* **WHAT TO PRODUCE**: Exclude the pictures, then repeat exactly each line from the one containing "住宿加早餐酒店 A Mo Casa 科米索" to the final line of the records that follow.

* **DATA SECTION**:
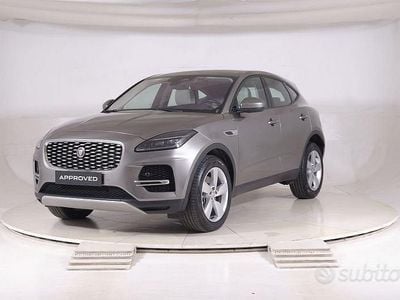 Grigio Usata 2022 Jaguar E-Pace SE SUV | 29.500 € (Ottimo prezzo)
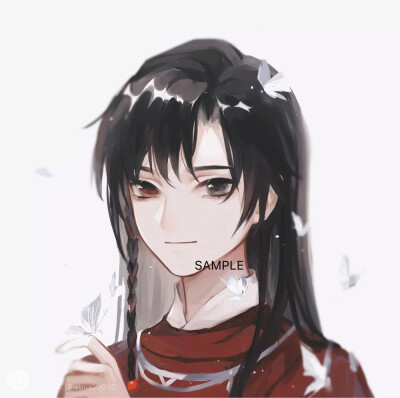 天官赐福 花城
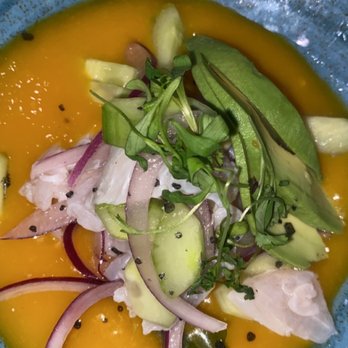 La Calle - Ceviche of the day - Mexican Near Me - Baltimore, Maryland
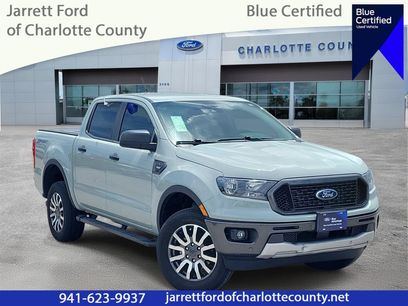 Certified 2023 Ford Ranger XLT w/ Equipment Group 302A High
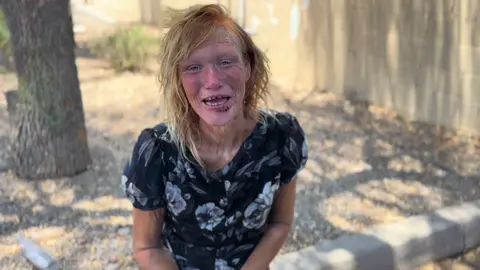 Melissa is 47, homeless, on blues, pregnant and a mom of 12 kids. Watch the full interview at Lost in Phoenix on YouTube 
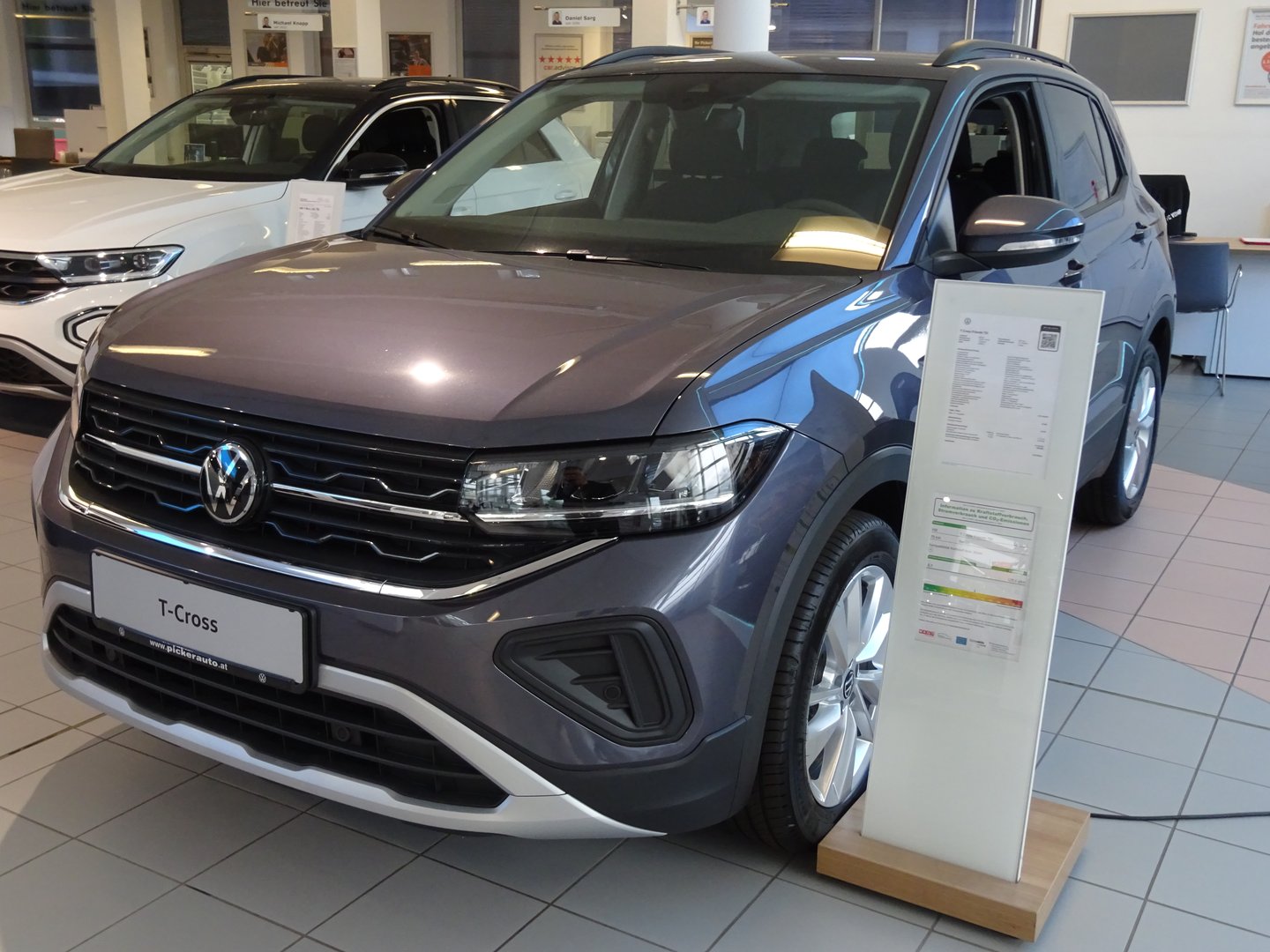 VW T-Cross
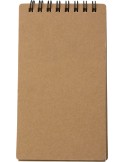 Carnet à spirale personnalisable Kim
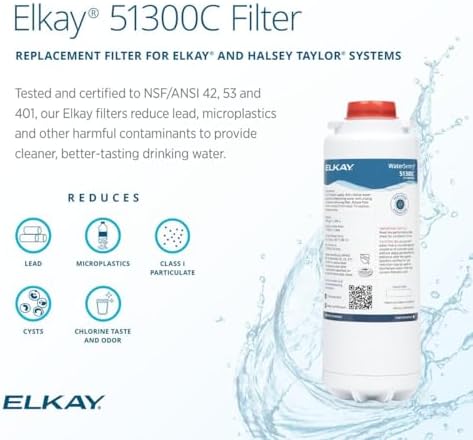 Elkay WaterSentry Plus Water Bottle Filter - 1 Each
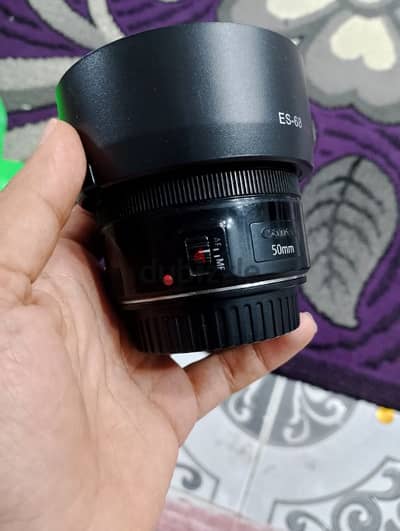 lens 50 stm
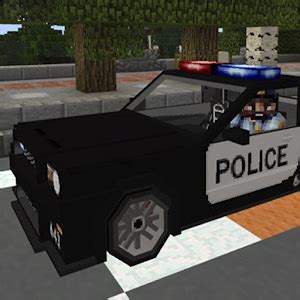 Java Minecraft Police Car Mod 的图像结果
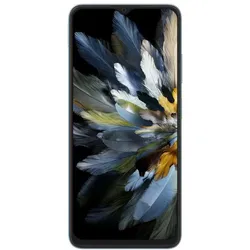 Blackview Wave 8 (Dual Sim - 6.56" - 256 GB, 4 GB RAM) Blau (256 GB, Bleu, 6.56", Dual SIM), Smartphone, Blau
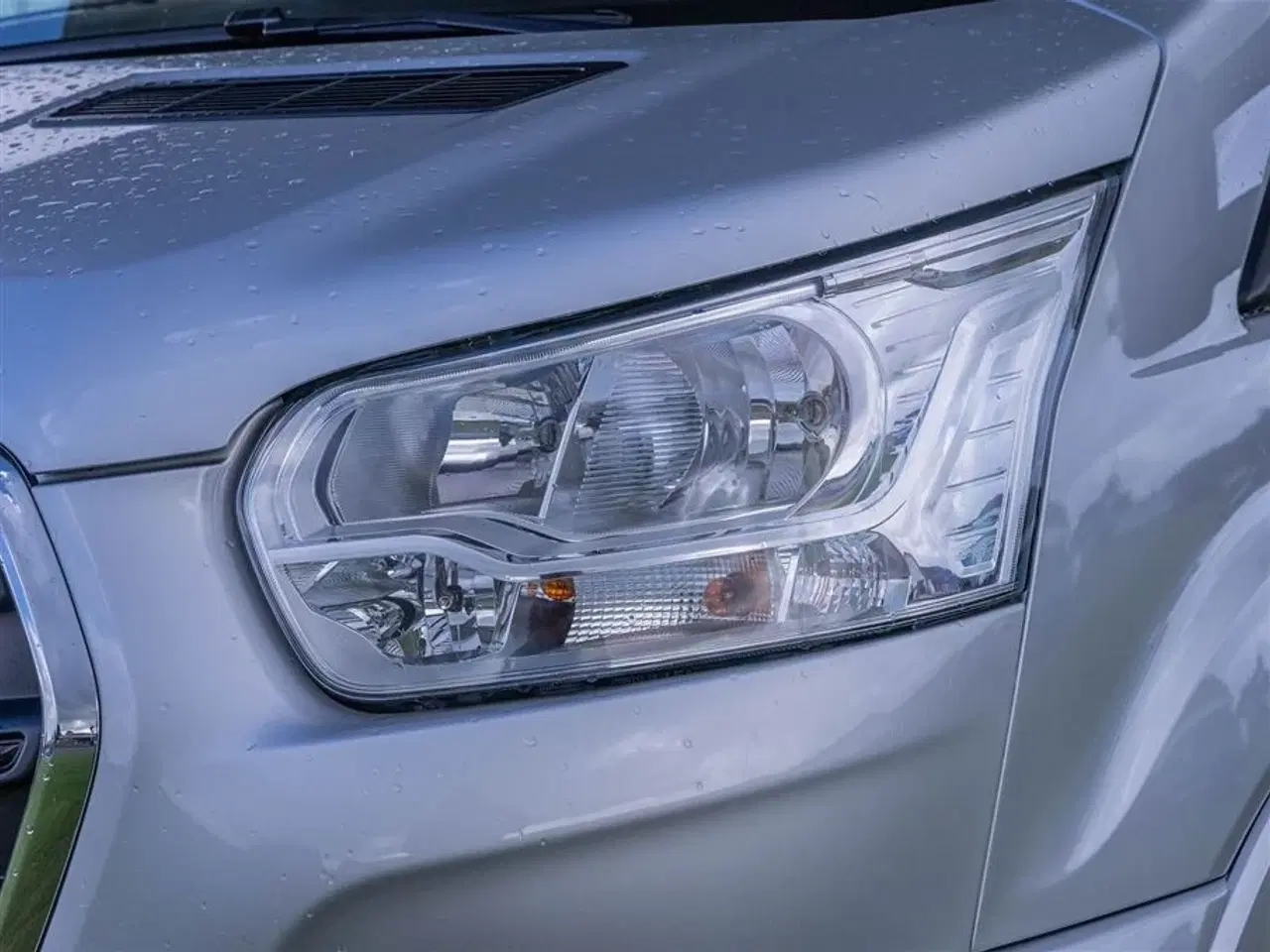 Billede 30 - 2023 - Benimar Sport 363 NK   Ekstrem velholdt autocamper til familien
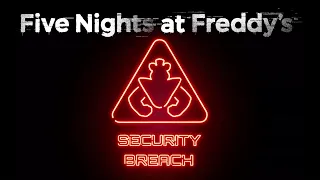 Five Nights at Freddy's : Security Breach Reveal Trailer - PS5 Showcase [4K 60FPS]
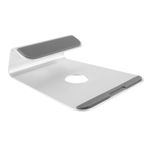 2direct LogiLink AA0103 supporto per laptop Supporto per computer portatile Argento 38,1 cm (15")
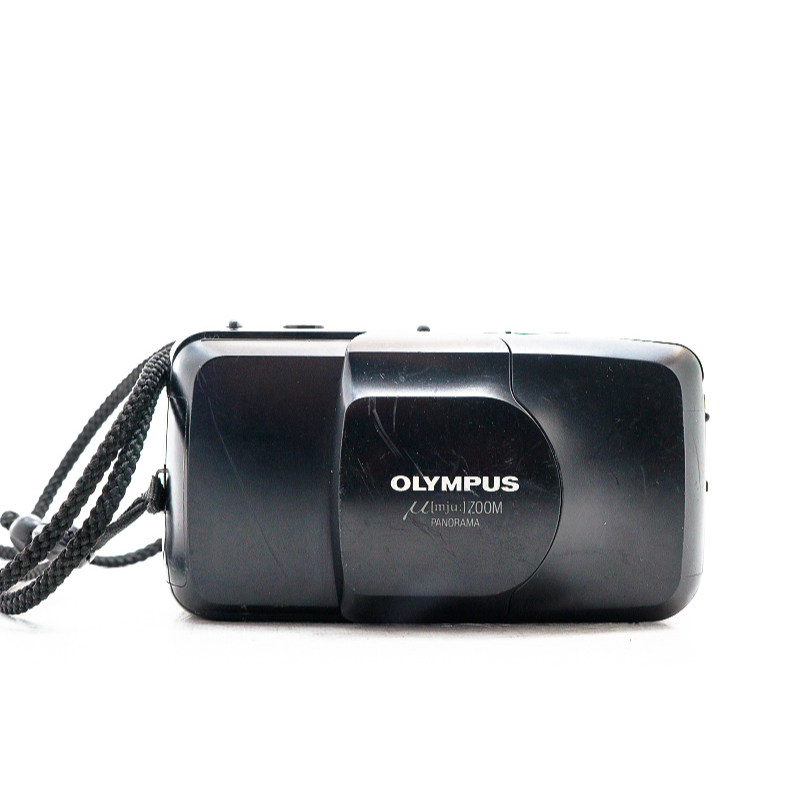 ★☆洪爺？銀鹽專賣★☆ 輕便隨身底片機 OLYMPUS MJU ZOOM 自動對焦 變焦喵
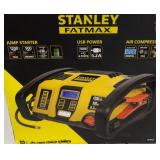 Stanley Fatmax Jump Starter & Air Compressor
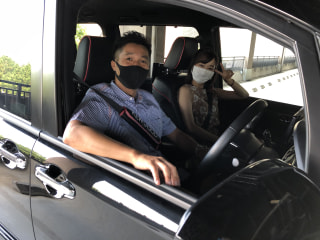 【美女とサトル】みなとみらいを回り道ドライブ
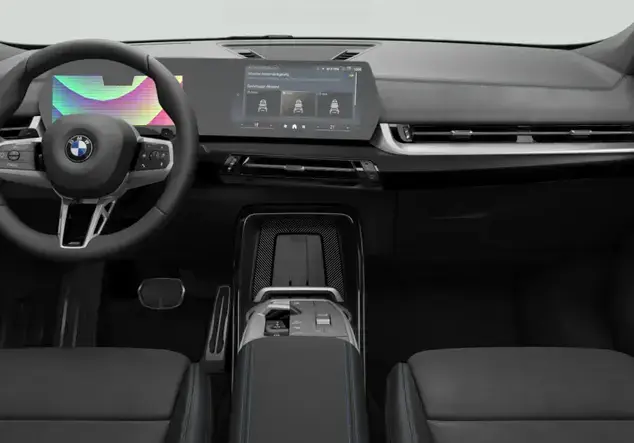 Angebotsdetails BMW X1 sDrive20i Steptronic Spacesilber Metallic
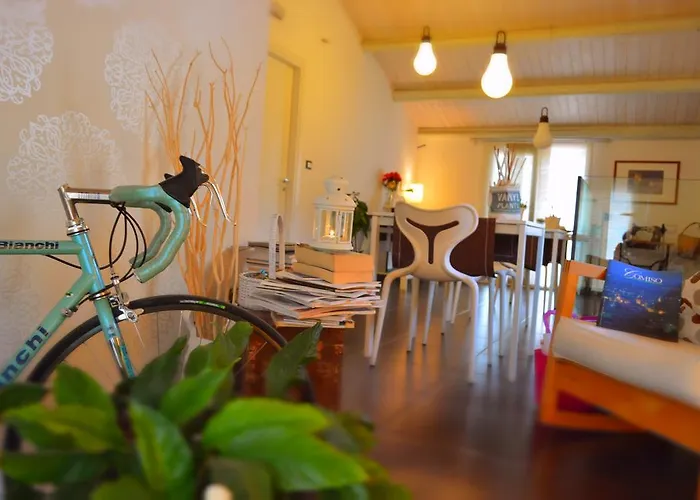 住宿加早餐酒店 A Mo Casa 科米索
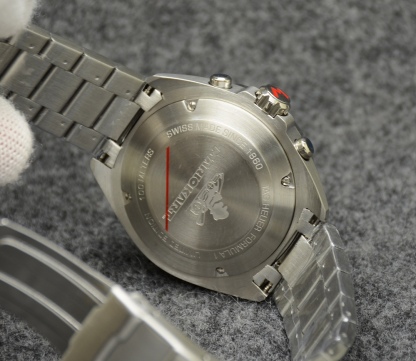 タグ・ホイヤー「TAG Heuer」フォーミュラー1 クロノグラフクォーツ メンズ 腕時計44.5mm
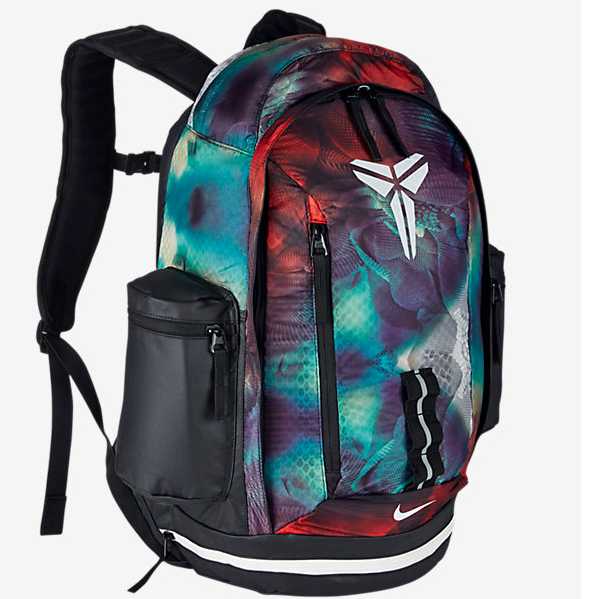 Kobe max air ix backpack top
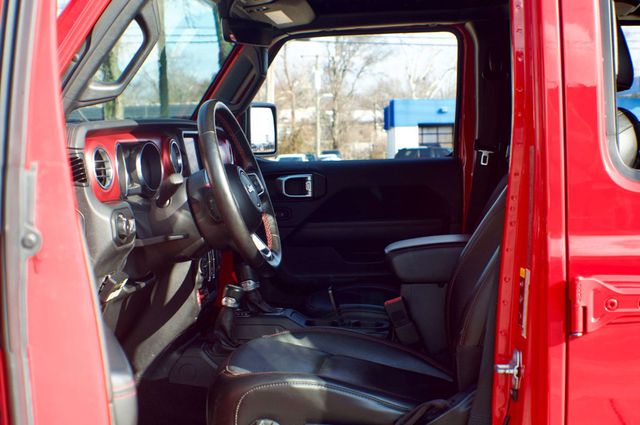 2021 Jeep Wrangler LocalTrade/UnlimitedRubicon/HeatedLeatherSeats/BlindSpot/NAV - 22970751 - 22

* **OUTPUT BELOW**:
 住宿加早餐酒店 A Mo Casa 科米索
 タグ・ホイヤー「TAG Heuer」フォーミュラー1 クロノグラフクォーツ メンズ 腕時計44.5mm
 Kobe max air ix backpack top
 2021 Jeep Wrangler LocalTrade/UnlimitedRubicon/HeatedLeatherSeats/BlindSpot/NAV - 22970751 - 22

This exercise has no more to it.